Join poet Lisa Robertson for a reading (September)

Internationally celebrated poet Lisa Robertson was born in Toronto  and lived for many years in Vancouver.  She studied at SFU in the '80s, with  the English Dept's George Bowering, Roy Miki, Rob Dunham, Donna Zapf and  Robin Blaser.  She funded her studies working as a night cleaning person and  with research jobs, including cataloguing for Special Collections the audio poetry archive in the Contemporary Literature Collection, working with the Wordsworth Collection, and contributing to Roy Miki's bpNichol bibliography.    

Today she is a freelance poet, essayist, translator and teacher, and since 2004 has lived in the Gartempe River valley in the Nouvelle Aquitaine region of France, with frequent forays outwards for temporary positions at Princeton  University, UC Berkeley, California College of the Arts, Piet Zwart Institute in Rotterdam, and this spring, École des Beaux Arts in Bordeaux, and University of East Anglia.  Recently she was awarded an honorary Doctorate of Letters by Emily Carr University. 

Her most recent books are 3 Summers and Cinema of the Present, from Coach House, and the essay collection Nilling, from Bookthug.

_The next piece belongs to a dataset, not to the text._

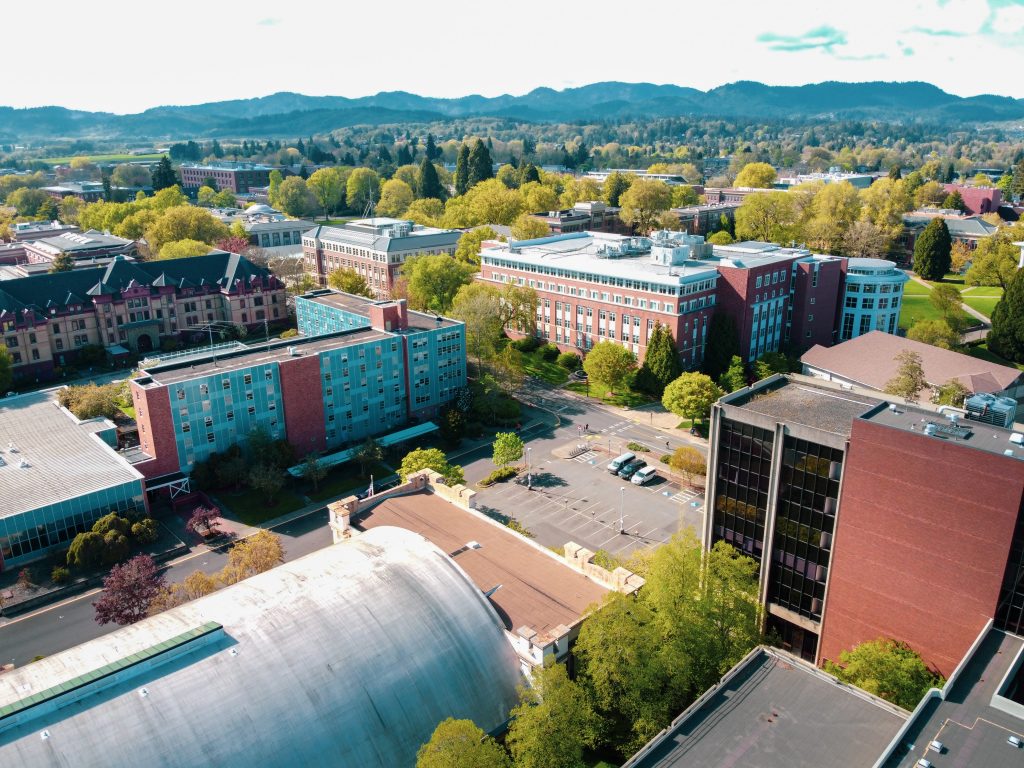 Birdseye view of Oregon State University campus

This fall, Krupskaya (San Francisco) is publishing the poetry chapbook Starlings: A Refrain.

Her archive is held in the Contemporary Literature Collection in the W.A.C. Bennett Library's Special Collections and Rare Books.

Lisa Robertson reading event poster

 

2015 events: Heather Haley & Susanne Tabata

Join us for a discussion of Vancouver's early punk rock scene (October)

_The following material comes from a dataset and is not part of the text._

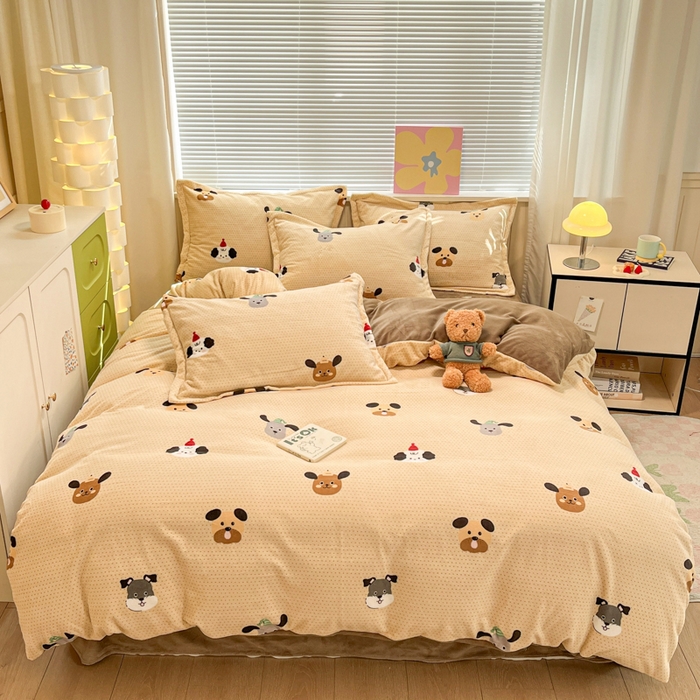 91家纺网 家纺一手货源 找家纺 慕尚家纺 2025新款田园花卉类印花牛奶绒高克重单被套 开心狗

Drawing on their own personal experiences, Heather Haley and Susanne Tabata will discuss the documentation and fictionalization of Vancouver's early punk rock movement. The talk will feature clips from Tabata's film Bloodied but Unbowed and readings from Haley's debut novel The Town Slut's Daughter.

Trailblazing poet, author, musician and media artist Heather Haley pushes boundaries by creatively integrating disciplines and genres. Haley was an editor for the LA Weekly and publisher of the Edgewise Cafe, one of Canada’s first electronic literary magazines.

With work featured in many journals and anthologies, she is the author of poetry collections Sideways and Three Blocks West of Wonderland, plus debut novel, The Town Slut’s Daughter, partially set in Vancouver’s early underground punk rock scene.

Haley has directed numerous videopoems, official selections at dozens of international film festivals, and toured North America and Europe in support of critically acclaimed AURAL Heather CDs of spoken word song, Princess Nut and Surfing Season.

She was a member of some of Vancouver’s early punk rock bands, including the all-female Zellots, and the ‘45s.

Heather Haley Portrait

 

Susanne Tabata has a film production focus on west coast stories.

A former UBC radio DJ, she is the creator of Bloodied But Unbowed and the punkmovie.com – the documentary film and on-line site which chronicle the Vancouver punk scene of the late 1970s. The film screens around the world, including a 28-day run in Shibuya Tokyo, and has won the Berlin International Punk Film Festival Audience Choice Award. The project is the third in a series of films which explore worlds on the edge of mainstream culture, the other being the women’s skateboarding history film Skategirl & the west coast surfing history 49 Degrees.

Among the many music videos and commercials, short and long form media on topics of social justice, she also produced the Jason Priestley directed Barenaked in America which chronicles the US tour of the Canadian band The Barenaked Ladies, an official selection at Toronto International Film Festival.

Susanne is a contributing writer for Beatroute Magazine and just wrote the forward to Discotext Magazine: Vancouver Club Culture and the History of EDM 1988-1990.

She is adjunct faculty at the Art Institute of Vancouver.